'Dear Leader' will pay price for autocratic shenanigans
Taoiseach's handling of runaway inquiry offers Fianna Fail and voters chance to finish him off, writes John Drennan
One of the many measures of the deteriorating political cunning of the Taoiseach consisted of the spectacle, last week, of puzzled FG TDs electing the even more surprised Marxist Socialist Joe Higgins to the cherished Banking Inquiry.
As FG TDs wondered how the 'Dear Leader' has got them into yet another fine mess, the debacle is all the more astonishing because of the original status of the Banking Inquiry as the Coalition's political ace in the hole.
The Inquiry would be the bolt gun that would be used to finish off Fianna Fail in the unlikely event that it might dare to bark a little before the next election.
The new reality, alas, is that despite the return of some limited degree of tranquility the Banking Inquiry is now as deceased as the dead parrot in the Monty Python Sketch.
As we should have learnt from Mahon, the conclusion of a Tribunal is predicated by how it is established.
This iron law means it was all the more critical that the establishment of an inquiry into something as critical as the collapse of the Irish banking system would be politically sophisticated.
Instead, we got a Taoiseach acting like a fool on the floor of the house blowing about how an Inquiry making findings of fact required a government majority.
It was alarming enough that Mr Kenny did not appear to know this was the political equivalent of a prosecutor requesting that a jury be filled with prosecuting counsel.
The Taoiseach's stance was all the more astonishing given that if the central objective of shafting Fianna Fail was to be secured, the vehicle had to at least appear to be neutral.
Sadly, for all those FG TDs fretting about the incipient loss of their seats Mr Kenny's crass politicisation of the Independent Banking Inquiry (to shaft FF) means the greatest losers in all this are far more likely to be Fine Gael rather than FF.
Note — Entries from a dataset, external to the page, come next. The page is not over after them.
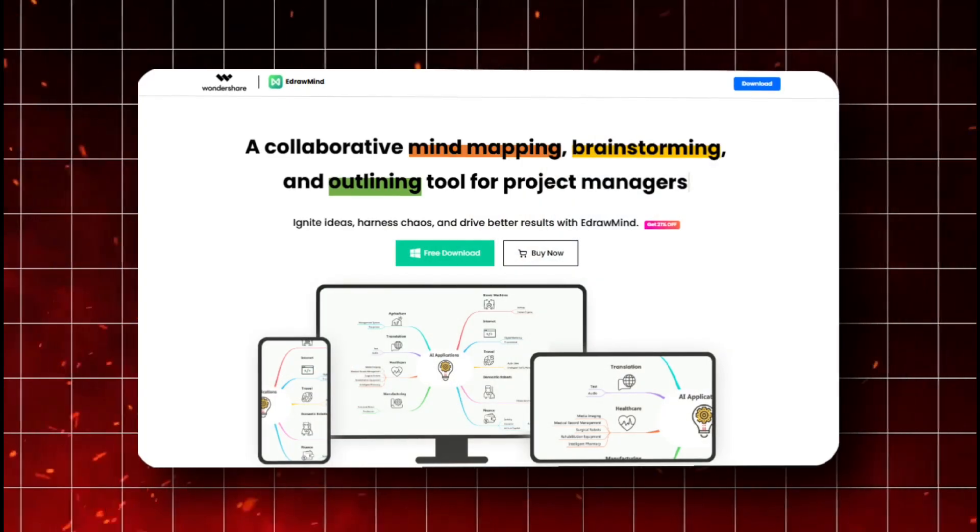We've all been there: trying to organize complex projects, getting overwhelmed with too much information, or simply not knowing where to start. Today I'm introducing you to a game changer:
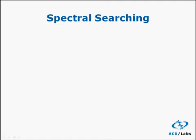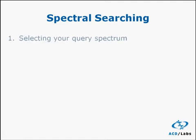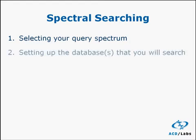We'll now look at spectral searching. There are four steps to any spectral search. First, you'll select your query spectrum, or the unknown. Second, you'll set up the database or databases that you'll be searching.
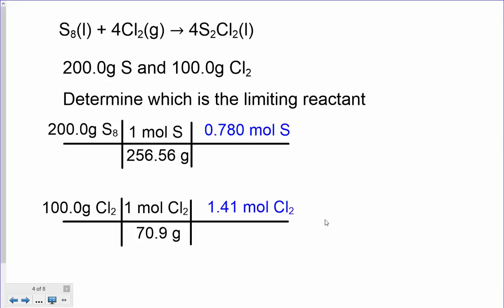Even after converting to moles, you still can't tell just because we have fewer moles of sulfur — don't get fooled and say we're going to run out of sulfur first because it's a smaller number of moles. You have to use the moles of sulfur and chlorine with the molar ratios from the equation and see how much product we can make. If we have 0.78 moles of sulfur, how much of this product can we make?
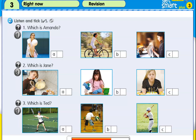Three. Which is Ted? Oh, look. There's Ted. He's playing tennis. No, that isn't Ted. That's his brother, Ben. Ted is over there. Look. He's playing baseball.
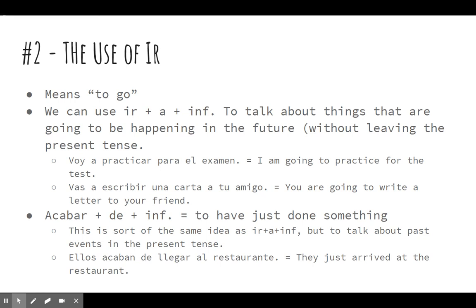So, it's kind of the nice little counterpart to ir plus a plus infinitive — and that is acabar plus de plus infinitive. El fin.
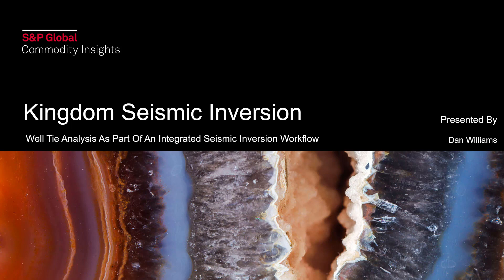Hello there and thanks for watching this training video. In this video we'll be having a look at how to perform well tie analysis as part of an integrated seismic inversion workflow in Kingdom. This step is a precursor to being able to perform a seismic inversion in Kingdom and is a very important aspect of reservoir characterization.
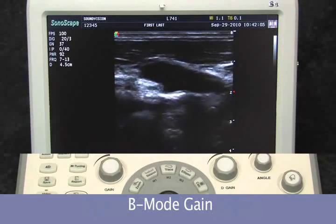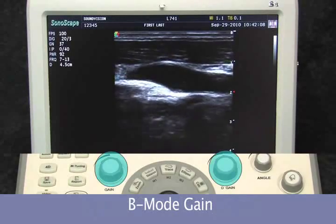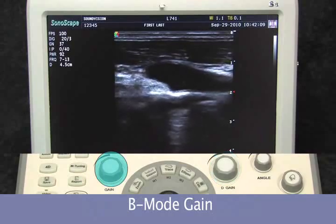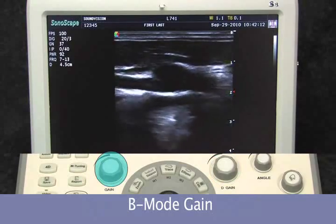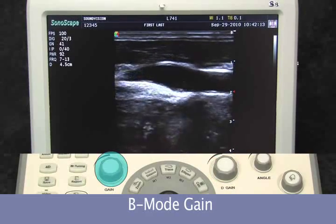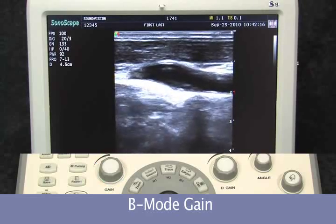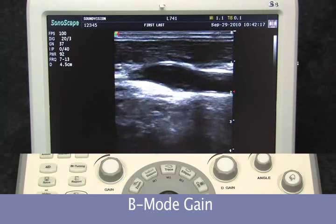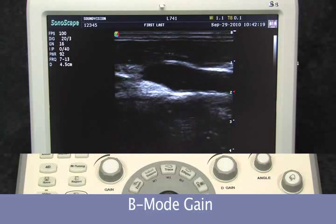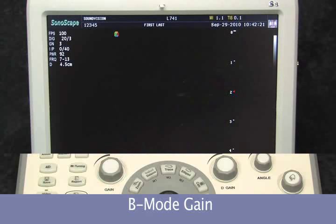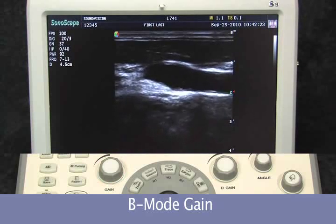The system gives separate keys for both B-mode gain and Doppler gain. General overall gain is on the left side of the screen. The large knob allows for increasing our gain — adjusting until finding an appropriate balance.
Everyone knew the objective of the 'Dear Leader' Enda has always been to use the Inquiry as a 'show trial', but, the very openness with which Enda has pre-judged the Inquiry's remit via those claims about the Fianna Fail "axis of collusion" has fatally undercut the objectives of the Taoiseach.
In the best of Stalin's show trials, the state went to great lengths to ensure the 'guilty' would be seen to confess their crimes of their own free will.
If, however, it is too obvious that the thing has been gerrymandered then sympathy can switch to the defendant in an instant for whilst the voters like a circus, they also want explanations and a trustworthy narrative that contains some degree of moral authority.
Their growing disbelief that this will happen is unfortunate enough for 'Dear Leader' Enda.
ANALYSIS Stephen Donnelly Page 24
However, if the whole banjaxed mess collapses in on itself under the weight of its faulty construction the voters will also be handed the increasingly well-used stick of incompetence to beat the Coalition with. Fianna Fail by contrast is in the happy position of resembling the ropey builder whose first response on being asked to do a small repair job is a doleful sigh of 'Jaysus who built this, Jaysus, that's a right mess'.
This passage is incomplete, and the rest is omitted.